HARARE - Zimbabwe's cabinet is said to have agreed to effect key amendments to the Reserve Bank of Zimbabwe (RBZ) Act, a development that will see the RBZ being confined to its core functions.
While the battle around the status of controversial RBZ governor Gideon Gono rages on, Finance Minister Tendai Biti is reported to have convinced cabinet on the need to clip the wings of the central bank chief, whose controversial quasi-fiscal policies are widely regarded as having ruined Zimbabwe's once buoyant economy.
President Robert Mugabe, who has declared he will not heed local or international calls for Gono to be replaced, chairs cabinet, which comprises all ministers from both Zanu-PF and the Movement for Democratic Change (MDC) parties.
"I am pleased to advise that cabinet has agreed on fundamental amendments to the Reserve Bank Act," Biti told journalists Thursday. "It is important that we restore the legitimacy, credibility and integrity of the Reserve Bank."
Biti said the RBZ reforms would ensure the bank was confined to its core business which involved the crafting of the monitory policy, supervising the banking sector and the management of the national payment systems, among other duties.
The MDC secretary-general said the envisaged amendments to the RBZ Act will also factor in recommendations by an International Monetary Fund (IMF) technical team that is in Zimbabwe to offer guidance in the banking system and central bank governance.
He said, "There would also be reforms around the board and the composition of the board.
"Most importantly the board will also play an oversight role of the bank. The board will ensure that there is compliance with the Act and various other Acts of the state.
"There will be issues around curtailment of the capacity of the bank to borrow. We have put in some restrictions there. "There will be provisions that will enforce the liquidation and rationalization of all none-core assets of the bank - companies like Home Link - so that the bank remains clean and legitimate."
Biti was confident the moves were bound to succeed saying nothing was going to distract his ministry from redressing the economy.Gono took over the reigns as central bank governor in December 2003 when inflation was still at around 600 percent. It ballooned to an estimated 500 billion percent by December last year, according to Biti.

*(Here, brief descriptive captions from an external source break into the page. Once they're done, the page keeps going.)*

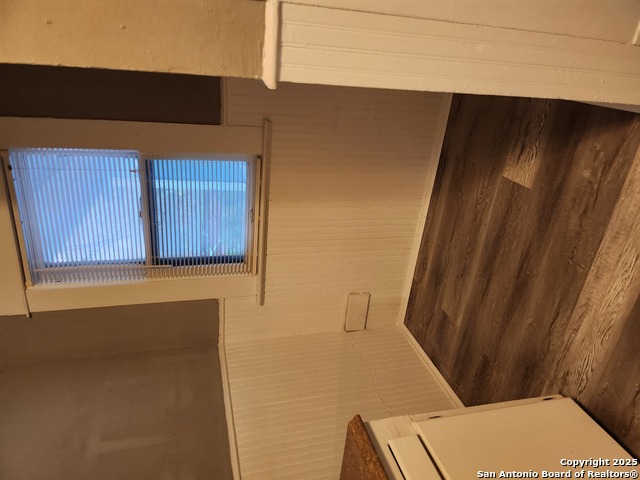 Image 10 of 13 For 1137 W. Magnolia W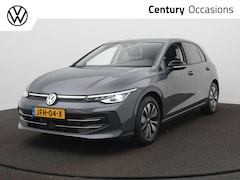 Volkswagen Golf - 1.5 eTSI Life Edition / Elek. Trekhaak / Camera / IQ-Light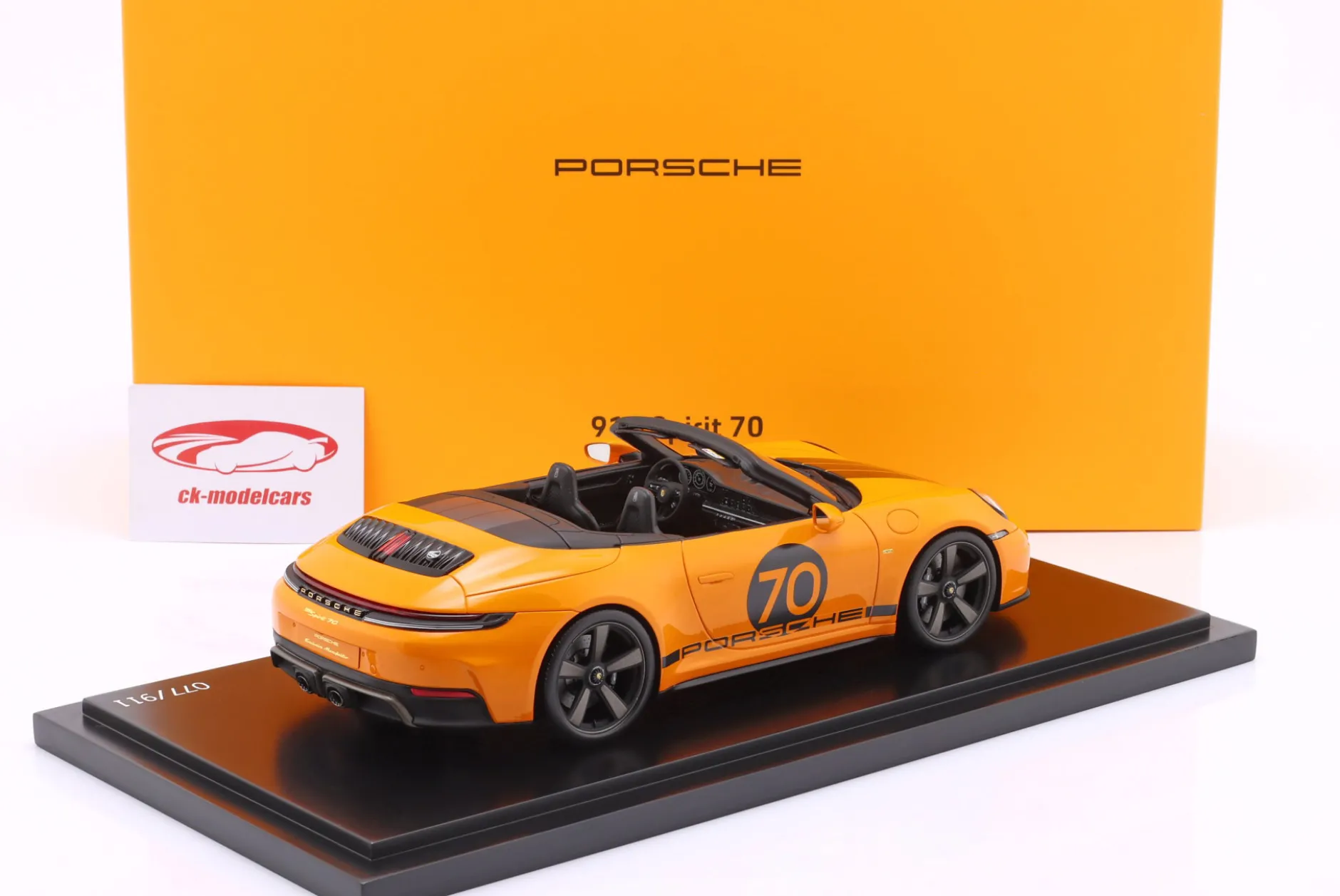 Porsche 911 (992.2) Cabriolet Spirit 70 Baujahr 2025 signalorange 1:18 Spark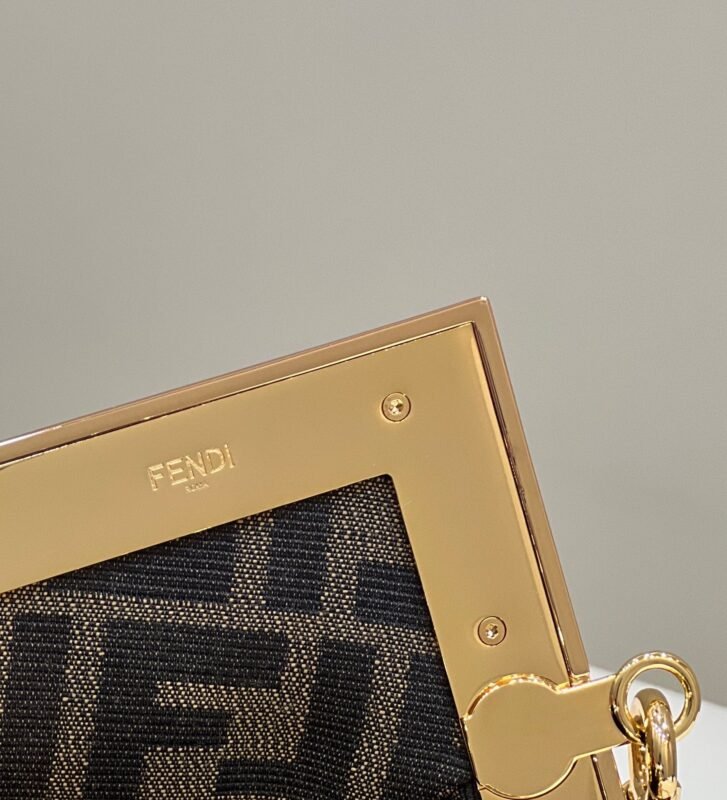 a6-4-4 Replica Fendi First Beige Python - 图片 6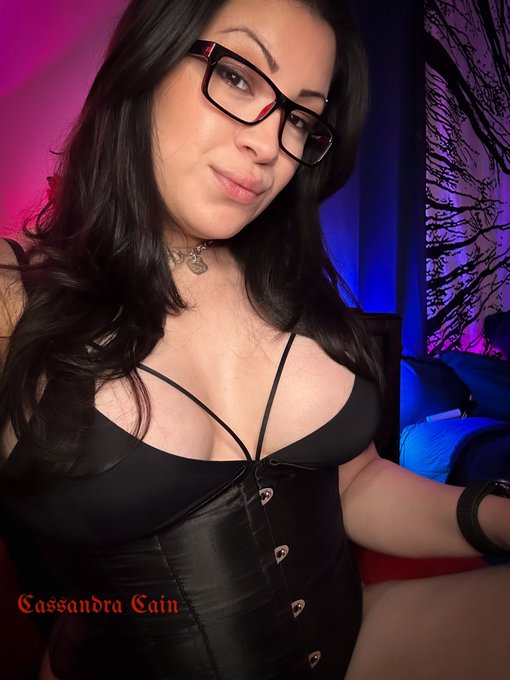 On cam! My tip vibe is half price and everyone who spends $10 or more gets videos sent to their inbox<a href="/tag/mvsales"class="tags"><span>#mvsales</span></a>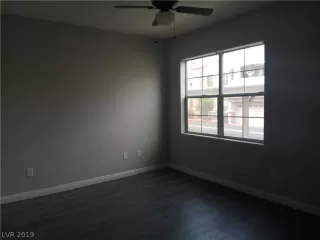 Photo #5: 2085705 Listing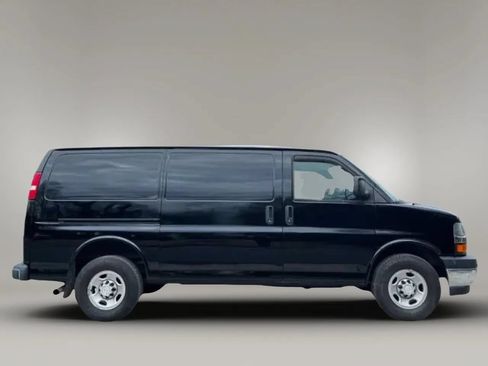 Used 2019 Chevrolet Express 2500 w/ Driver Convenience Package RWD image 4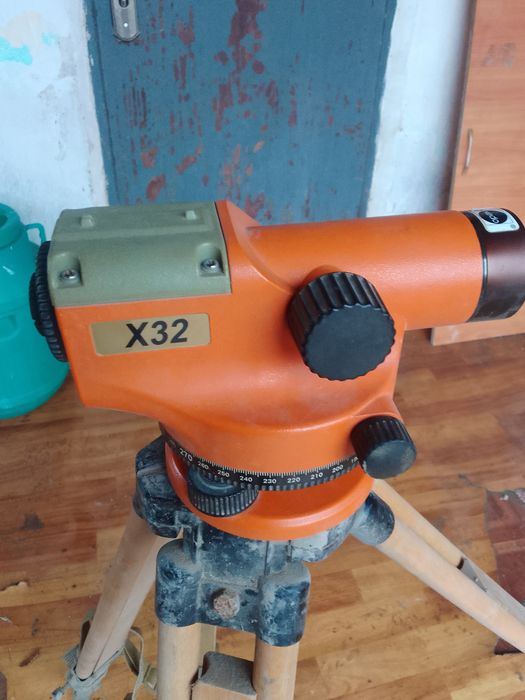 Невелир с чехолом.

Since the time, the RBZ was churning out loads of worthless local currency ostensibly to meet the demands of spiralling inflation while financing extravagant and often partisan government activities.
Biti said the advent of the multi-currency system early this year, coupled with a new fiscal culture by the new inclusive government, had reduced inflation to a monthly average of minus three percent. "Our biggest enemy as a ministry is politics," he said.
"There are things that we do not control, that we hope our principals and our leaders will resolve as a matter of urgency. All the outstanding issues in the Global Political Agreement we hope that they will resolve them.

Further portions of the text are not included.